[Exercise inputs Boundary: Start]
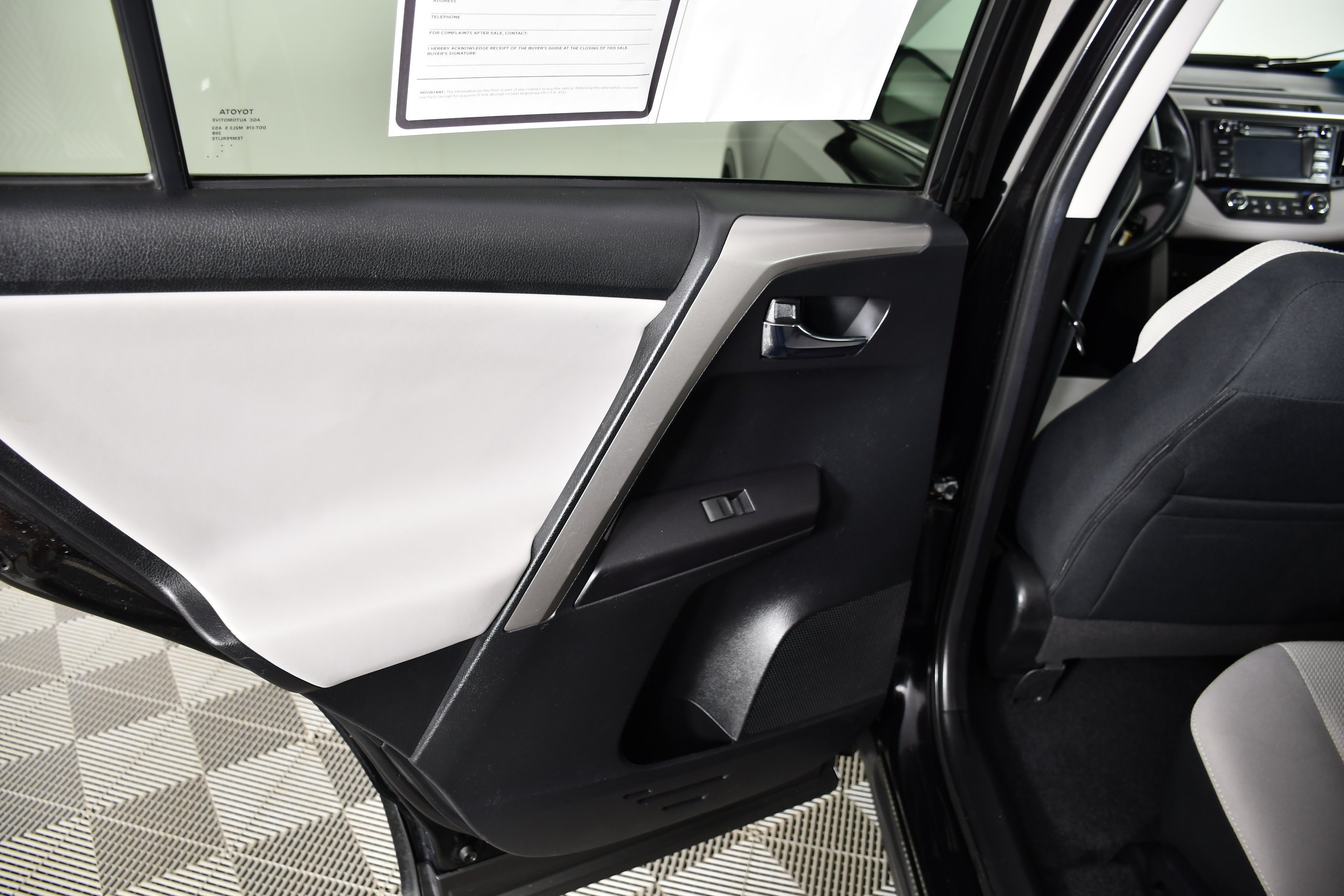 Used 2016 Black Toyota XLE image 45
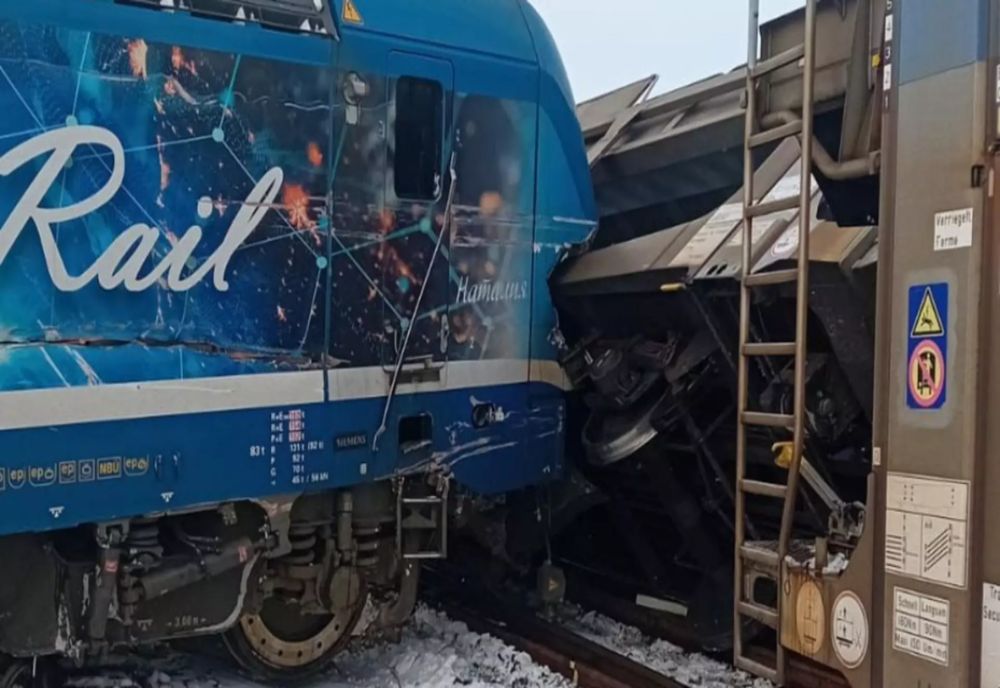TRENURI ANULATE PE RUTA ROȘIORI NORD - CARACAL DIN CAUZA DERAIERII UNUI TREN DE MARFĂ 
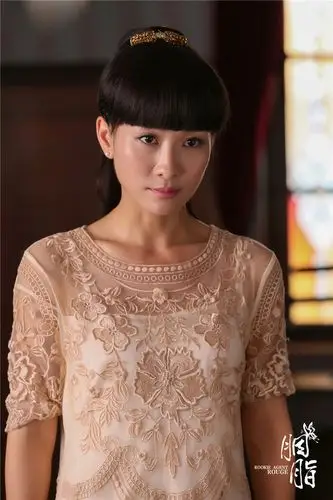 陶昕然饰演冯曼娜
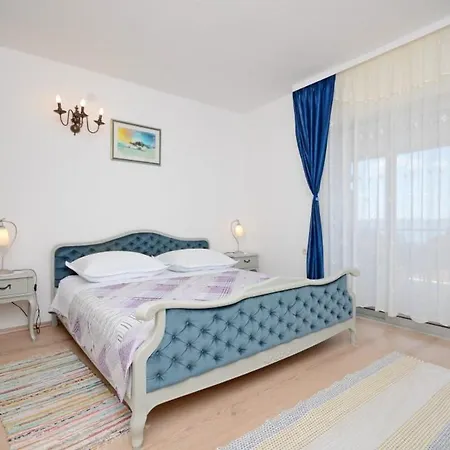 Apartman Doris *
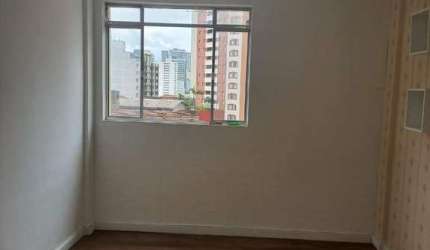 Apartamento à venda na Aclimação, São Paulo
[Exercise inputs Boundary: End]
# [Task]
Word for word, retype the lines from the one with "Apartman Doris *" through the final line of the data, both included. No pictures belong in the copy.

# [Response to this exercise]
 Apartman Doris *
 Apartamento à venda na Aclimação, São Paulo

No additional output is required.